_RECORDS FOR THIS EXERCISE_.

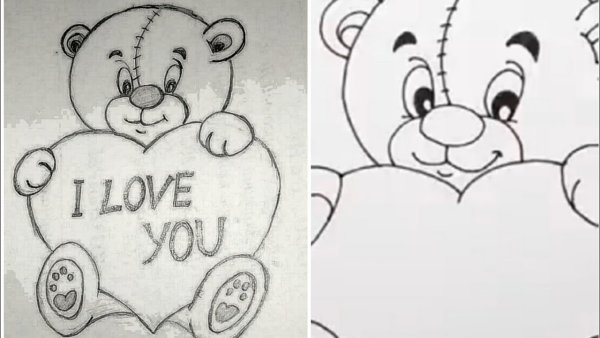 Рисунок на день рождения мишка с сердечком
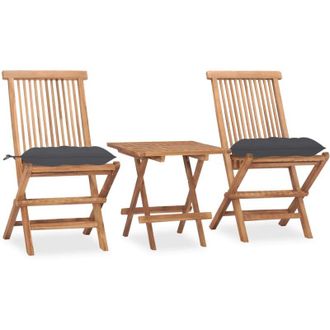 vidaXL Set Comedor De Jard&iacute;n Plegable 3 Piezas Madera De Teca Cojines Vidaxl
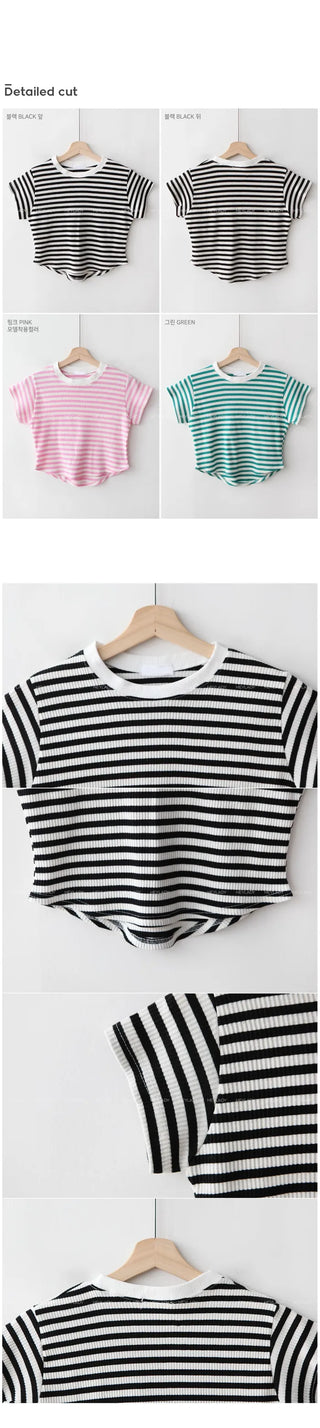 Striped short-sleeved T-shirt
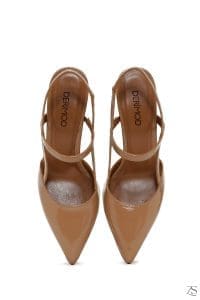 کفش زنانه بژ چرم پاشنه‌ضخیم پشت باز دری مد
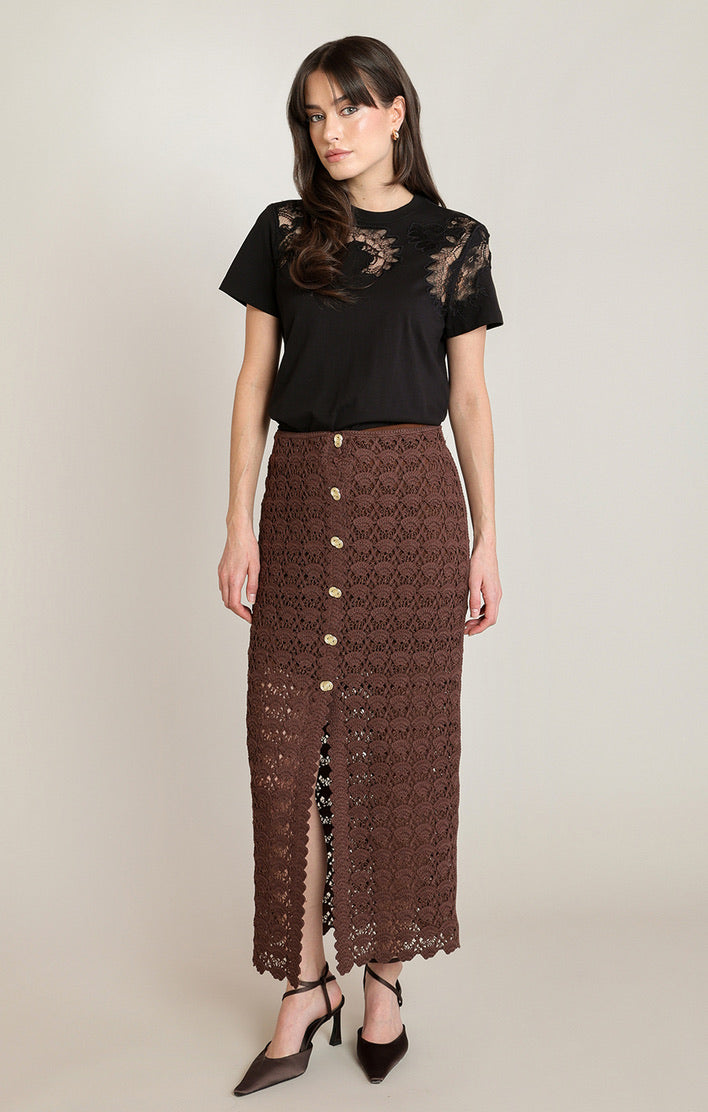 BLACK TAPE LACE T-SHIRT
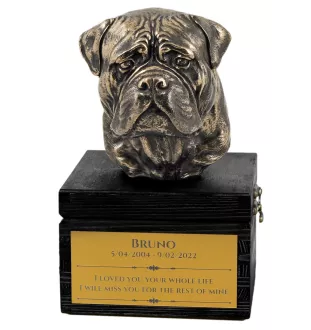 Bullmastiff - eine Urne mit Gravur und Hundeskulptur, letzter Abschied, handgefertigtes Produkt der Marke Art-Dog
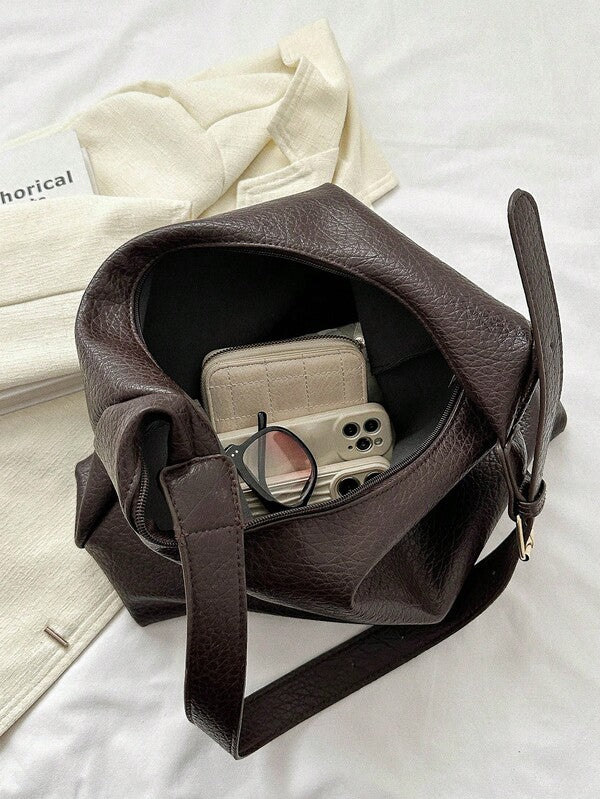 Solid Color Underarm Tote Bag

_HOW TO COMPLETE THIS TASK_. What you return must match the records above exactly, minus any images.

_TASK ANSWER_.
 Рисунок на день рождения мишка с сердечком
 vidaXL Set Comedor De Jard&iacute;n Plegable 3 Piezas Madera De Teca Cojines Vidaxl
 Striped short-sleeved T-shirt
 کفش زنانه بژ چرم پاشنه‌ضخیم پشت باز دری مد
 BLACK TAPE LACE T-SHIRT
 Bullmastiff - eine Urne mit Gravur und Hundeskulptur, letzter Abschied, handgefertigtes Produkt der Marke Art-Dog
 Solid Color Underarm Tote Bag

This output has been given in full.